Sunday, January 28, 2007

A Word From Huck, for your consideration

Epistemology:"The study or a theory of the nature and grounds of knowledge especially with reference to its limits and validity" Merriam-Webster

My favorite reference that communicates my understanding of this word is a quotation from Hamlet:"There are more things in heaven and earth, Horatio, than are dreamt of in your philosophy." Hamlet, Act 1, Scene V

Philosophy being the study, collection, and/or pusuit of all learning, wisdom, beliefs, and ethics; Shakespear was telling us that there are limits to what we do and can know. So we should not be surprised by what is new (to us) or mysterious. Nor should we instantly doubt that which is not within our personal experience.

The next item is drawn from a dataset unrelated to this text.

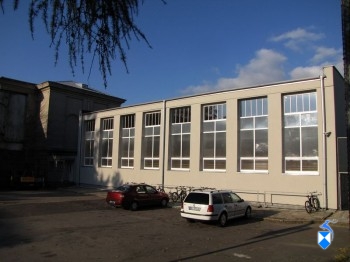 sala gimnastyczna z łącznikem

I extend this thought a bit to say that embracing that which is outside our philosophy is the nature of inquest (inquisitiveness). However, we must be aware that there is the most common of traps amongst humanity--predisposition. For if we color our inquest by denying our epistemological limits--or worse, by only extending our limits where expedient in economy or pain--we interject fallacy into our philosophy and gain not. This is the better definition of prejudice.

Be Well.
Hucklberry

Thursday, January 11, 2007

Happy New Year - Michael Savage is an Idiot

I am sorry to kick the year off with such a negative posting, but under the cover of conservative talk radio Michael Savage has joined the lineup at my favorite station--KFYI in Phoenix. So what is wrong with Michael Savage you ask? Glad you did.....

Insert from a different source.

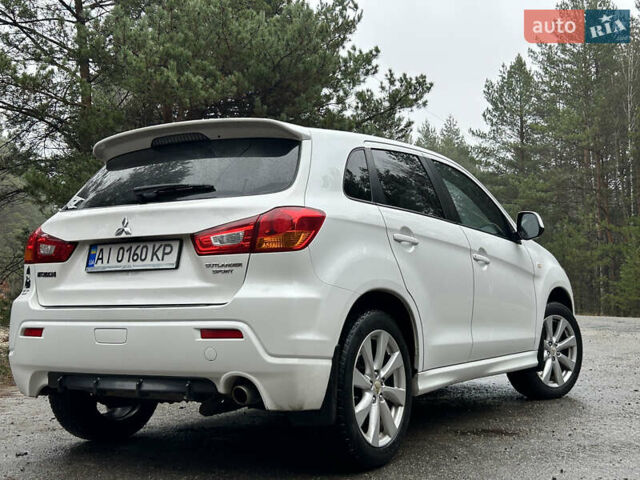 Белый Мицубиси Outlander Sport, объемом двигателя 2 л и пробегом 260 тыс. км за 8999 $, фото 6 на Automoto.ua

Michael Savage is a blowhard with an uncomfortable tendency to praise himself.
But, but, but...You say...so is Rush Limbaugh! Yes, but Savage lacks Rush's talent and the wry wink and smirk you can hear in Rush's voice every time he lets loose with self-praise.

Michael Savage is rough and unpolished.
But, but,but...you say...so is Howard Stern and KFYI's morning guy, Bruce Jacobs. Correct on both counts. But one gets the impression that Howard is just naturally a nasty guy--the class clown. And a listener cannot help but believe that Bruce Jacobs is being, well...he's being Bruce. I think that if you played a covert recording of Bruce Jacobs as he went about his daily life--watching his dog chew the furniture, playing golf, cheering for the Jets--you would find his normal conversation virtually indistinguishable from his radio show, rantings and all, yet minus several FCC-banned words. Even if you consider Howard and Bruce to be the bookends of civil-less discourse, an honest listener cannot help but be at least modestly charmed by the honesty of their whole affair (what ever it is that it may be at the time). Michael Savage somehow manages to come off phony in his coarseness. He is able to edit himself into the confines of propriety a little too easily. And you can almost hear him thinking about his next semi-rough expression before he says it--measuring it in the hope it will provoke, just enough. It's like the schoolyards misanthrope who wants to be seen as tough, but cannot quite pull it off.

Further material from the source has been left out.